● **Exercise instructions**: With pictures removed, the data below should be returned exactly.

● **Supplied information**:

***

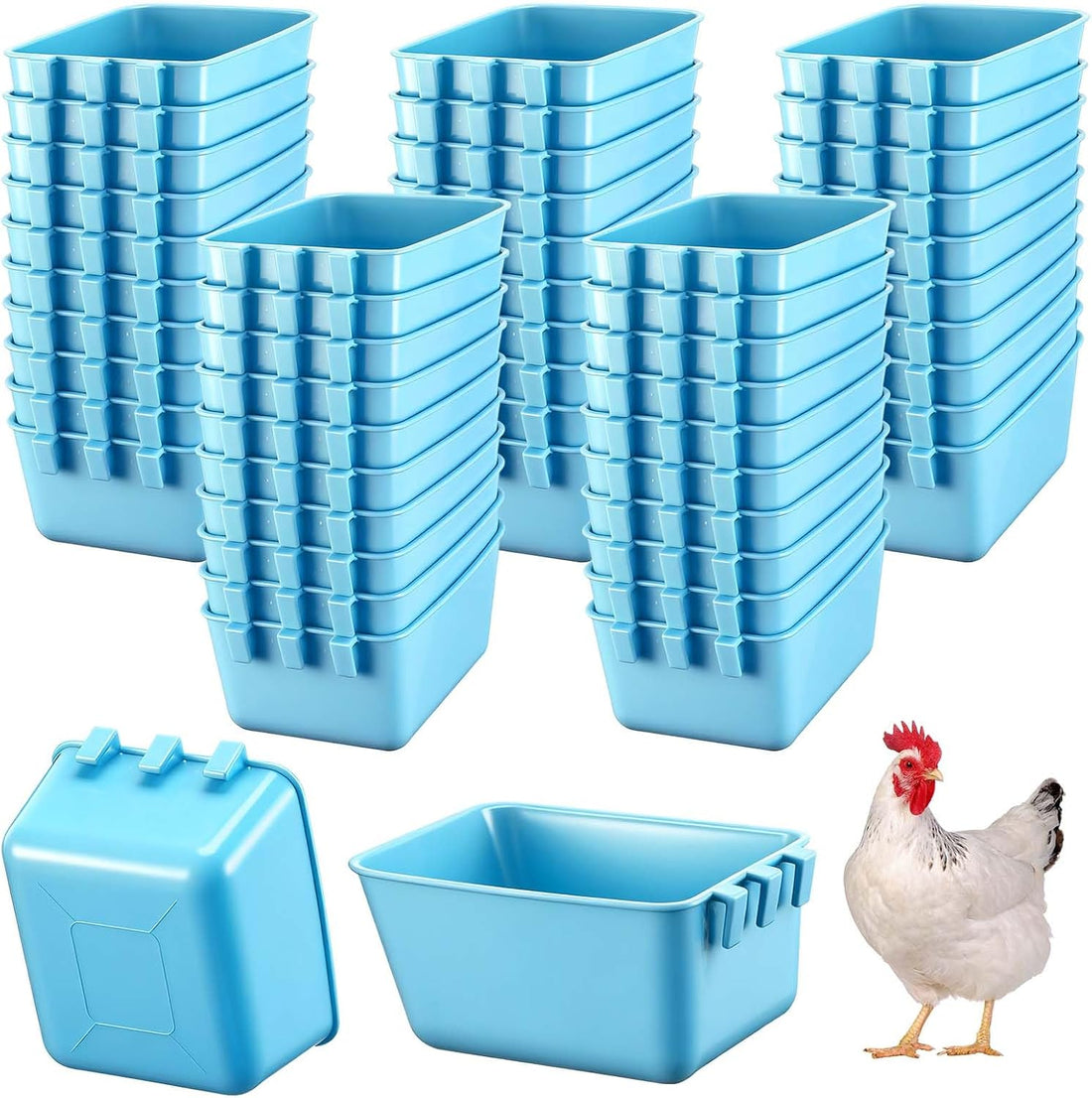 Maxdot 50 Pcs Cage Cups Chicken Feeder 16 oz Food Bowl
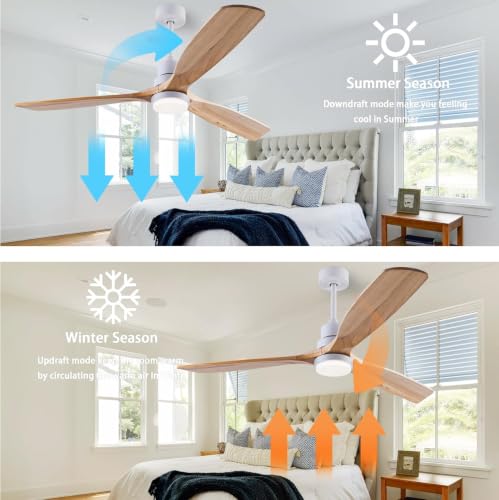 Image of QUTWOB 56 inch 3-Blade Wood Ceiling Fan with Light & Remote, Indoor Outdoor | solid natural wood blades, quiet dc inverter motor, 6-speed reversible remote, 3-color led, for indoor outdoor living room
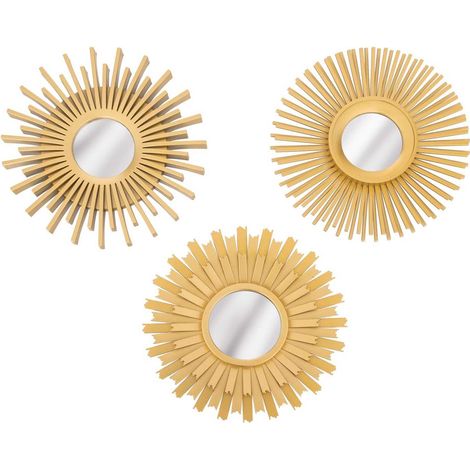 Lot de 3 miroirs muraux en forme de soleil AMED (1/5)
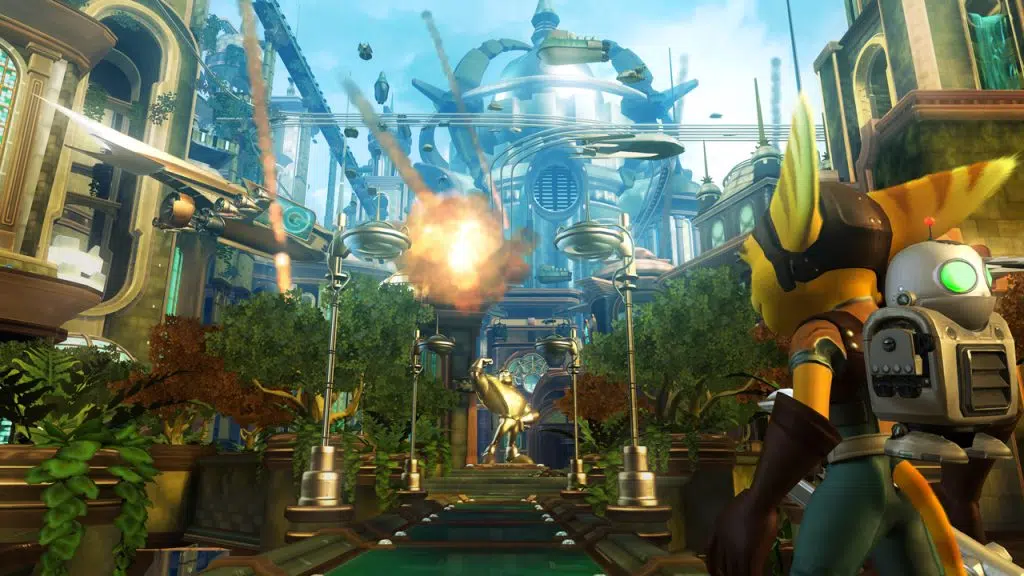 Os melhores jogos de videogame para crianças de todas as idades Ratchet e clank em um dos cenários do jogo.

***

● **Solution for this problem**:
 Maxdot 50 Pcs Cage Cups Chicken Feeder 16 oz Food Bowl
 Image of QUTWOB 56 inch 3-Blade Wood Ceiling Fan with Light & Remote, Indoor Outdoor | solid natural wood blades, quiet dc inverter motor, 6-speed reversible remote, 3-color led, for indoor outdoor living room
 Lot de 3 miroirs muraux en forme de soleil AMED (1/5)
 Os melhores jogos de videogame para crianças de todas as idades Ratchet e clank em um dos cenários do jogo.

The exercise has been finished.